Exercise prompt
Only the lines from the one holding "AUDI Q8 PROGRESSIV" through the end of the material are to be repeated, exactly and without pictures.

Given records
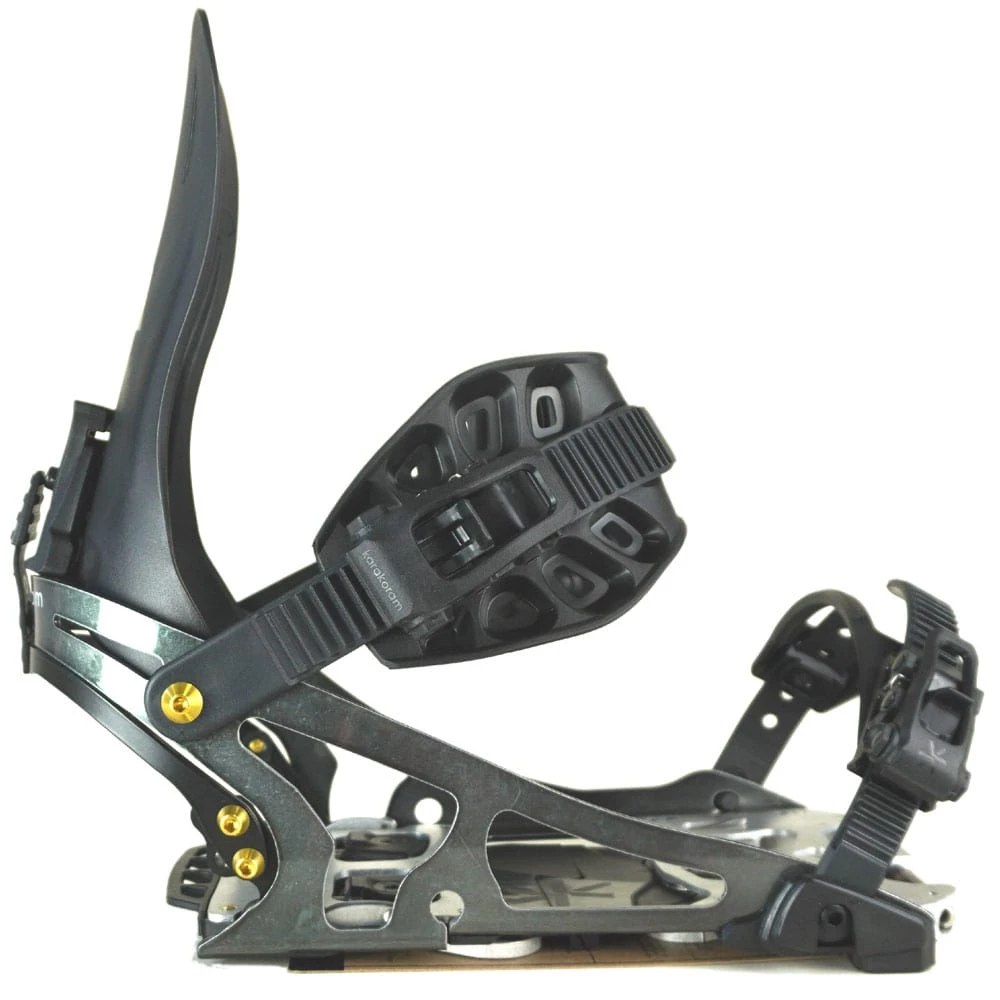 Karakoram Prime X Split Bindung Black Damen, Herren – Bild 2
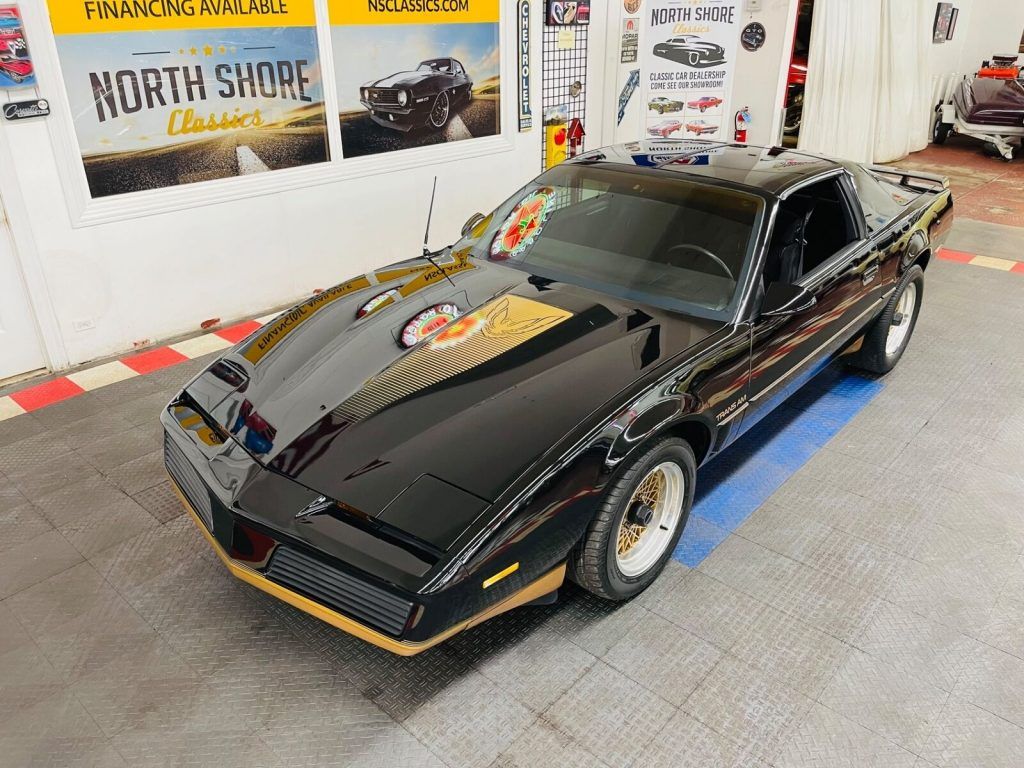1983 Pontiac Firebird – Trans Am Super Low Miles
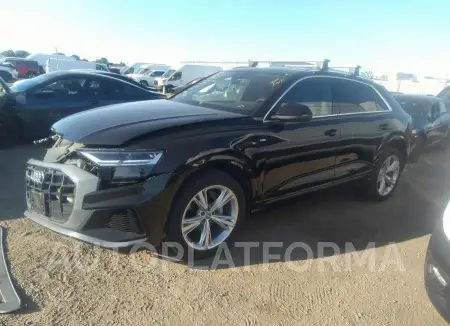 AUDI Q8 PROGRESSIV S-LINE 2020 vin WA1DVAF1XLD007926 from auto auction Caiaai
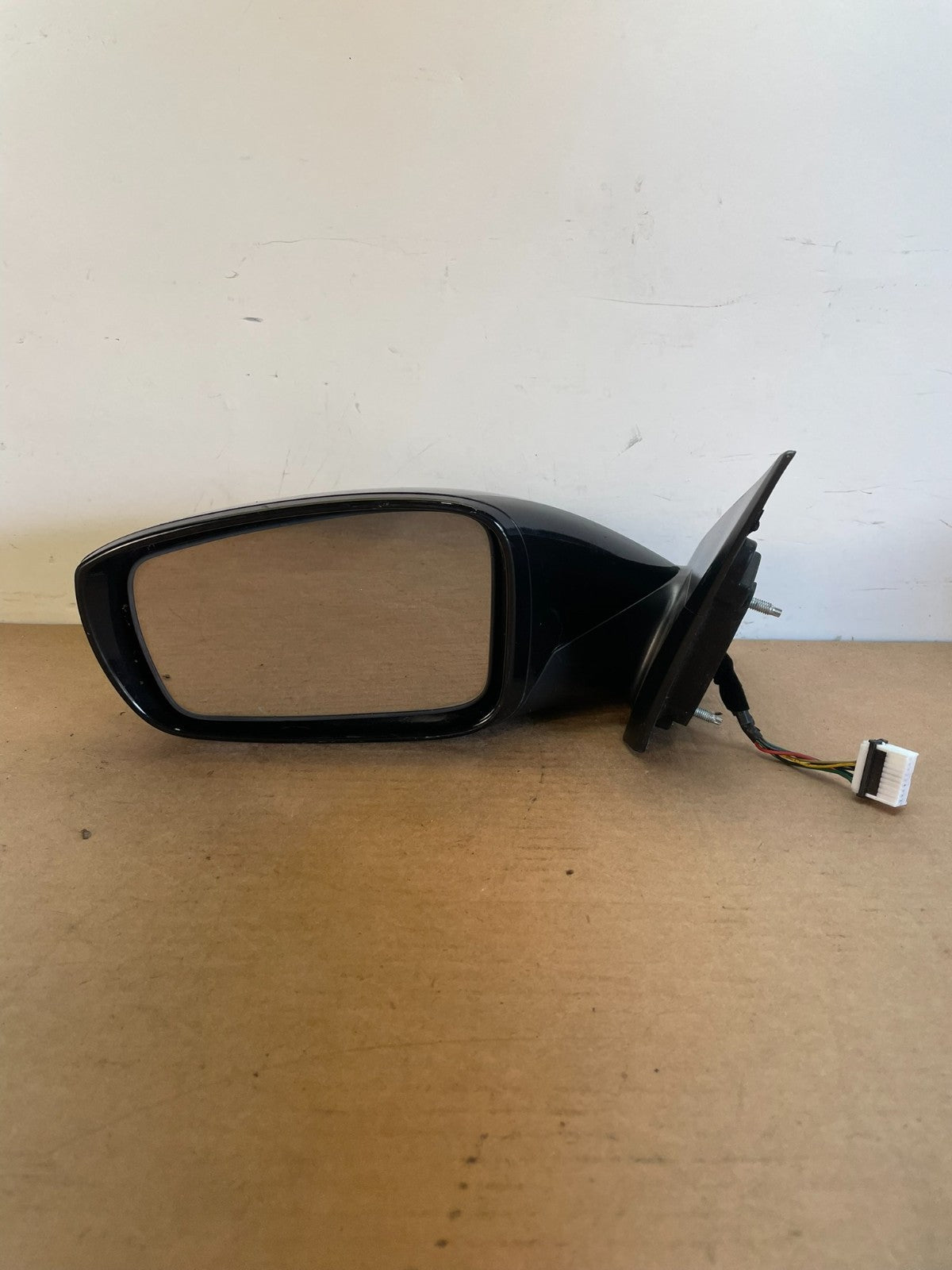 2011 - 2015 Hyundai Sonata Left Driver View Turn Sgn Door Mirror AF8668 DG10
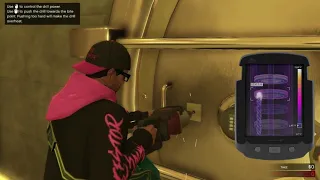 How to Drill in the Vault Door GTA Online Casino Heist || Easy Trick in 100 Seconds || Big Con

Result for this task
 AUDI Q8 PROGRESSIV S-LINE 2020 vin WA1DVAF1XLD007926 from auto auction Caiaai
 2011 - 2015 Hyundai Sonata Left Driver View Turn Sgn Door Mirror AF8668 DG10
 How to Drill in the Vault Door GTA Online Casino Heist || Easy Trick in 100 Seconds || Big Con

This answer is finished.